In Europa si contano più di 150mila morti e un milione e 600mila malati di Coronavirus, che equivalgono al 60% dei decessi e al 45% dei casi totali. Un dato positivo resta: “Per quasi quattro settimane – dice Kluge – dal 12 aprile, abbiamo visto una diminuzione del numero di casi segnalati ogni giorno. Lentamente, ma sicuramente, stiamo vedendo segni positivi. Purtroppo, tuttavia, non possiamo dire lo stesso per tutti i Paesi. La situazione nella parte orientale della regione continua a destare preoccupazione. La Bielorussia, il Kazakistan, la Federazione Russa e l’Ucraina hanno registrato un aumento dei nuovi casi nell’ultima settimana”.

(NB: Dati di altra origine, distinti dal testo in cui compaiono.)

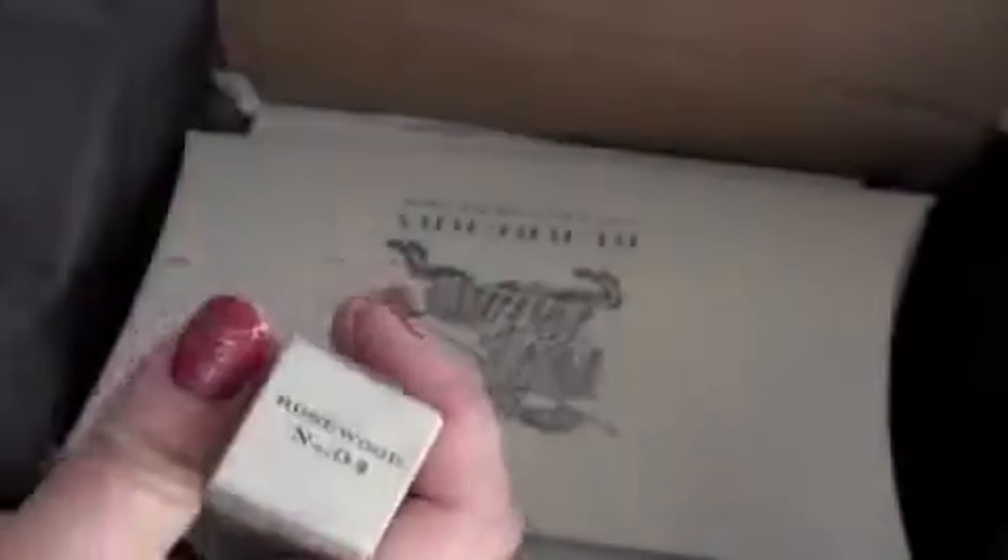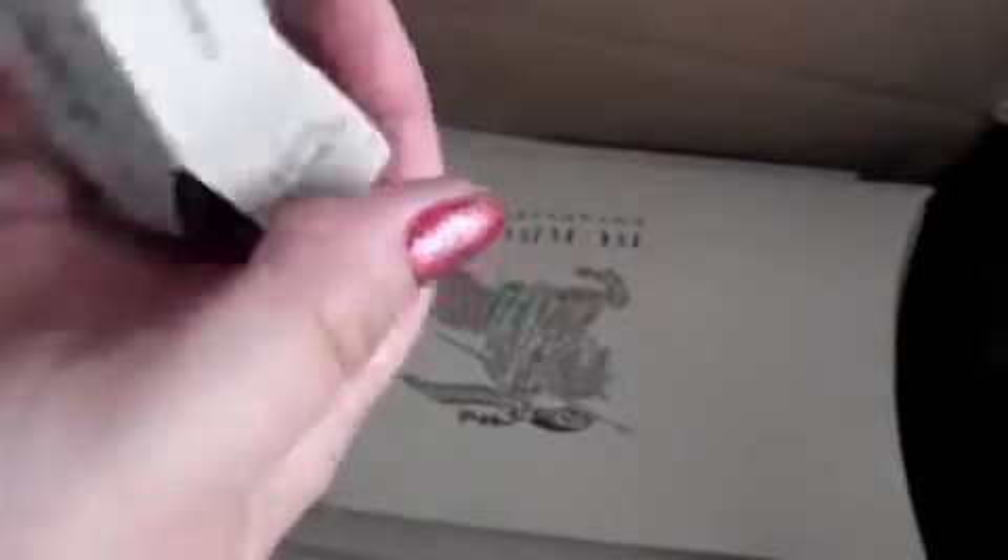And here's my rosewood lipstick. That's really cool, I'm keeping this. Let's see the lipstick. Super cute packaging. The color. That's a lot nicer than I thought.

Questa settimana “abbiamo una missione di esperti sul campo in Tagikistan, in collaborazione con le autorità nazionali e gli operatori sanitari, per rispondere all’epidemia nel Paese. È solo l’ultima di oltre 60 missioni che abbiamo condotto in tutta la regione europea durante questa pandemia – ha ricordato – per fornire indicazioni su una serie di aspetti, tra cui test di laboratorio, sorveglianza delle malattie, pianificazione operativa, preparazione ospedaliera e, naturalmente, per aiutare i Paesi a rispondere”.